Vielleicht begreifen wir am ehesten, warum wir diese Aufforderung so nötig haben, wenn wir nun noch einmal eines der Rätselworte unseres Texte näher ins Auge fassen, jenes so seltsame Wort „... welchen er uns bereitet hat als neuen und lebendigen Weg durch den Vorhang, das ist durch sein Fleisch.“ Das Bild, welches da gebraucht wird, das Bild vom Vorhang, ist wieder von der Beschaffenheit des Jerusalemer Tempels abgelesen: Gemeint ist jener Vorhang, welcher im innersten Raum des Tempels zwischen dem Heiligen und dem Allerheiligsten herab hing. Um so den Thronsitz Gottes vor jedem zudringlichen Blick zu verhüllen. So, liebe Freunde, ist Gott verhüllt, unseren Blicken, unseren Sinnen verhüllt. Wir können seine Ankunft, jenes tägliche und stündliche Kommen, in welchem er uns begegnet, nicht betasten und begreifen! Es ist verhüllt durch unser Fleisch: Ich könnte sagen durch unsere Geschöpflichkeit, durch unsere Begrenztheit und Endlichkeit, die eben nur wieder Geschaffenes und Begrenztes und Endliches zu erfassen vermag, aber nicht den Unendlichen, den Ungeschaffenen, den grenzenlosen Gott! So ist Gottes Kommen uns verhüllt. Freilich: Nicht darauf kommt es an, dass wir das begreifen.

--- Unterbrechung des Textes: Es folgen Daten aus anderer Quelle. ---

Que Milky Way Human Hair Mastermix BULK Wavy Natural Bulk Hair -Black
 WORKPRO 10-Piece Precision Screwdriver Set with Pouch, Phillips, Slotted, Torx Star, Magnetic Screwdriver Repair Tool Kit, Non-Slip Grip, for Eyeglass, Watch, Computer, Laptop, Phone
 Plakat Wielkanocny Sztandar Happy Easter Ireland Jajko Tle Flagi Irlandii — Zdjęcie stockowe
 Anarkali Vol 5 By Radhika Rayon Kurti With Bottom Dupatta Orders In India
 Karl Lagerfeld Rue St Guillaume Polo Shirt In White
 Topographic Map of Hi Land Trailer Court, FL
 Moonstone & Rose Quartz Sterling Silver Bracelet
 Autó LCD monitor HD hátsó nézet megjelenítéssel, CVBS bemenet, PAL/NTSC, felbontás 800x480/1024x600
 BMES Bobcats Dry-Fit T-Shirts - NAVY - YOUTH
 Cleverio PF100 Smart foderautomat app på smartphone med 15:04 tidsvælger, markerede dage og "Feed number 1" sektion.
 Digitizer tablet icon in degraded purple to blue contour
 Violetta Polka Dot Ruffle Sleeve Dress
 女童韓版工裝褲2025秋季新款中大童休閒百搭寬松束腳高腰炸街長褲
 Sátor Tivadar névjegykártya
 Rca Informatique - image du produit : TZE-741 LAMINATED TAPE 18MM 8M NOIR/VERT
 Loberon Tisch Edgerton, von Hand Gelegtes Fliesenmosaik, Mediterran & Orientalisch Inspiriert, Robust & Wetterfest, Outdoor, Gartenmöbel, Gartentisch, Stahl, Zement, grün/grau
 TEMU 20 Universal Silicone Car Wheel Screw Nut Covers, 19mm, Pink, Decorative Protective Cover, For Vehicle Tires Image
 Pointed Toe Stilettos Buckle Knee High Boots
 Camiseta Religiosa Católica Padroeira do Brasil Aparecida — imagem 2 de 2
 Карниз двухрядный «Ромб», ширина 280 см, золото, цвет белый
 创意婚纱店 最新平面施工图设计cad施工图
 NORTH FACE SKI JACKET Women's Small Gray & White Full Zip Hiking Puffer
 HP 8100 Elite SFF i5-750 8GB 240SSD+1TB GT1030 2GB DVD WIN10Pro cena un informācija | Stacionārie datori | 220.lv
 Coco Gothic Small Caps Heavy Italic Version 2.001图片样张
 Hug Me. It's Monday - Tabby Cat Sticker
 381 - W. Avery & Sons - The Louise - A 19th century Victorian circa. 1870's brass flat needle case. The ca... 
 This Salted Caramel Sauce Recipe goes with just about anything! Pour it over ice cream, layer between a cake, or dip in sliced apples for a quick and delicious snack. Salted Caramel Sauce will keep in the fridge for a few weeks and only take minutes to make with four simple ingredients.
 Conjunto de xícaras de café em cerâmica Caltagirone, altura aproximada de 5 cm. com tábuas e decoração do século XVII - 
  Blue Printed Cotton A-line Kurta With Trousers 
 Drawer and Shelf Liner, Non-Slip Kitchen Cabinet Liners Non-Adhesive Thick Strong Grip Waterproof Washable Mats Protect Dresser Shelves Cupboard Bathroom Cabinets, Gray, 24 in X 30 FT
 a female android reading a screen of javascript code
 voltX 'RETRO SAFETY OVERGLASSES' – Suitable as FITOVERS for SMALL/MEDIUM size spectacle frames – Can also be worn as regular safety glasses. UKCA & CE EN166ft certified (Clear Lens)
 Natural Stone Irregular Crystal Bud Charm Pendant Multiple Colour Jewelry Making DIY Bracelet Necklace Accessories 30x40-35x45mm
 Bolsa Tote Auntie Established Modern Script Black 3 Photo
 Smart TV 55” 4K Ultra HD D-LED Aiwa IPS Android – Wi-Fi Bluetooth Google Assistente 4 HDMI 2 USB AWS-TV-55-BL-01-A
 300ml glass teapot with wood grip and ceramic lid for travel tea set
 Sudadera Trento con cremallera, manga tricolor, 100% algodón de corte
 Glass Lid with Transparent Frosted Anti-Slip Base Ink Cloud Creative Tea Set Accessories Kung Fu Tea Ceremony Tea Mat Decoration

Das ist eigentlich eine _Selbstverständlichkeit. Vielmehr: Das will uns der Hebräerbrief zeigen, dass es den Weg gibt durch diese Hülle: Das ist Jesus, sein Fleisch, seine Menschlichkeit! Da lasst uns nun wirklich schauen und staunen. Da lasst uns unsere Sinne, unsere Augen und Ohren und unsere ganze Einbildungskraft anstrengen, dass wir das begreifen! Dass wir ihn wirklich sehen, Jesus. Das wir ihn wirklich verstehen, sein Wort und sein Werk, alles, was er getan und erlitten hat. Denn dort, wo dieses Fleisch Jesu, sein menschliches, sein irdisches Leben am Kreuz zu Ende geht, da kommt er zu Gott! Da kommt jenes Gegeneinander endlich zu seiner Ruhe – der Weg, den er gegangen ist, der Weg seines Menschenlebens, und Gottes Kommen, das ein verhülltes Kommen ist, solange dieses Leben dauert!

Dort, wo dies Leben Jesu zu Ende geht, da ist Gottes Gegenwart unverhüllt, da geht unser Heiland ein in die ganze, ewige, unverhüllte Wirklichkeit Gottes.

Seht – da ist der Weg, der uns vorgezeichnet ist: Ein Weg, der dauert, solange dieses Leben währt, ein Weg des Glaubens: Denn er geht auf den unsichtbaren Gott zu: „So lasset uns hinzu gehen mit wahrhaftigem Herzen in völligem Glauben.“ Ein Weg der Hoffnung: Denn wir wissen, dass am Ende dieses Weges auch auf uns jene göttliche Ruhe wartet, in die Jesus eingegangen ist: „So lasset uns halten an dem Bekenntnis der Hoffnung und nicht wanken.“ Und ein Weg der Liebe. Denn wir sollen ja nicht allein, jeder für sich, diesen Weg suchen. Vielmehr: „Lasset uns aufeinander Acht haben, uns anzureizen zur Liebe und guten Werken, und nicht verlassen unsere Versammlung.“

Dies beides sollen wir beachten: Wie Gott auf uns zukommt in der Wirklichkeit unserer Welt, unseres Lebens. Und wie wir ihm entgegen gehen, in Glauben, Hoffnung, Liebe bis der Tag,  der verheißene Tag der Ruhe kommt, da auch für uns der Vorhang des Fleisches fällt und wir uns hinein senken in seine unerschöpfliche göttliche Fülle. Amen.